YOUR TASK
Without including the pictures, copy out every line below.

SOURCE MATERIAL
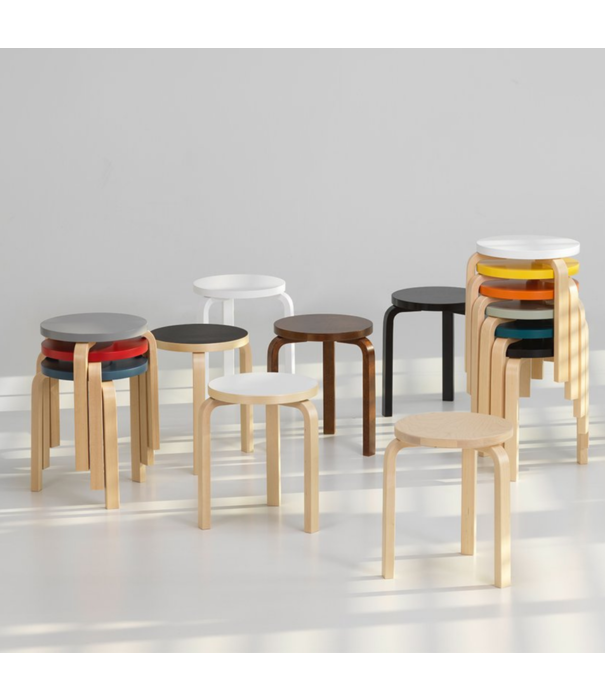 Artek  Artek Standard Collection - Stool E60 birch, black lacquered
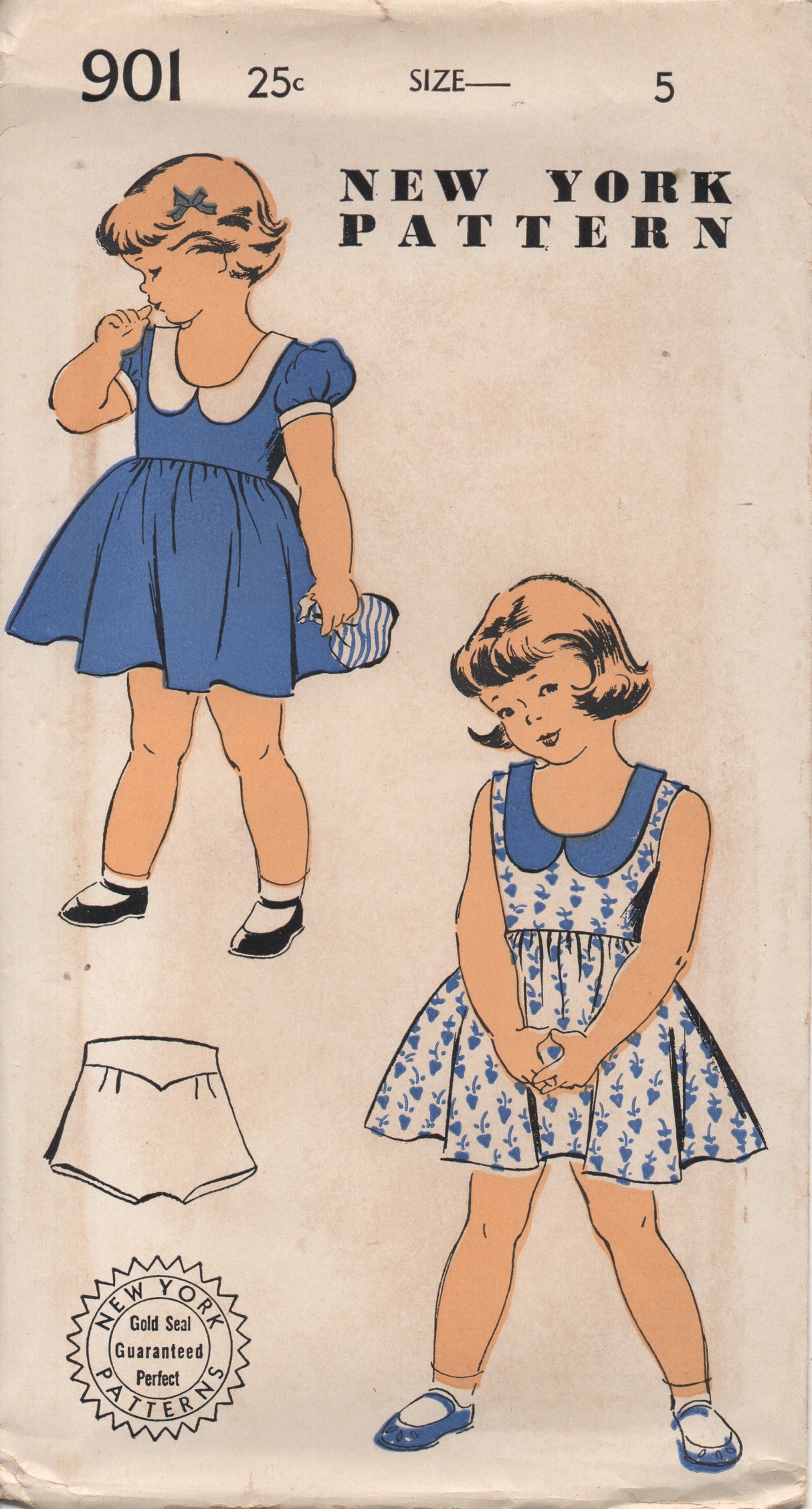 1950's New York Girl's One Piece Dress with Elongated Collar and Bloomers - Chest 23.5" - No. 901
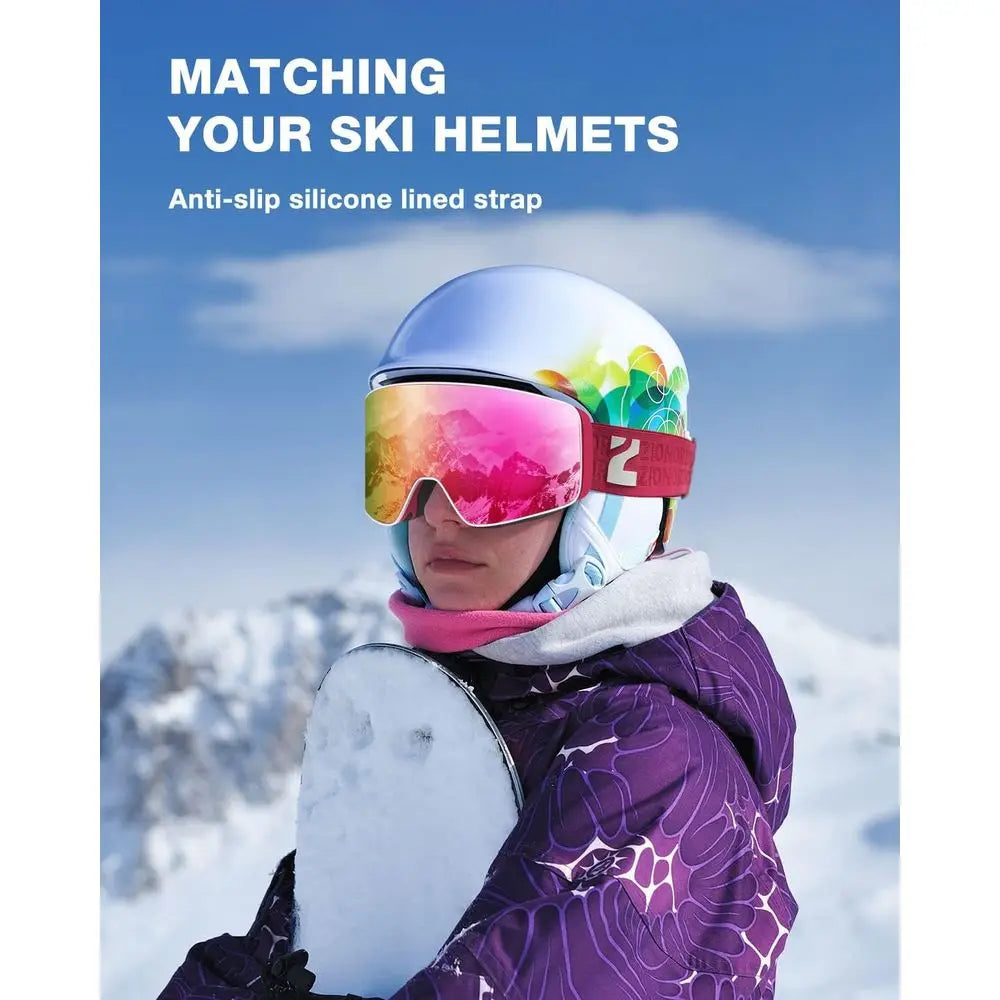 Ski Goggles X12, 100% OTG Compatible, Detachable Lens for Men and Women Adults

SOLUTION
 Artek  Artek Standard Collection - Stool E60 birch, black lacquered
 1950's New York Girl's One Piece Dress with Elongated Collar and Bloomers - Chest 23.5" - No. 901
 Ski Goggles X12, 100% OTG Compatible, Detachable Lens for Men and Women Adults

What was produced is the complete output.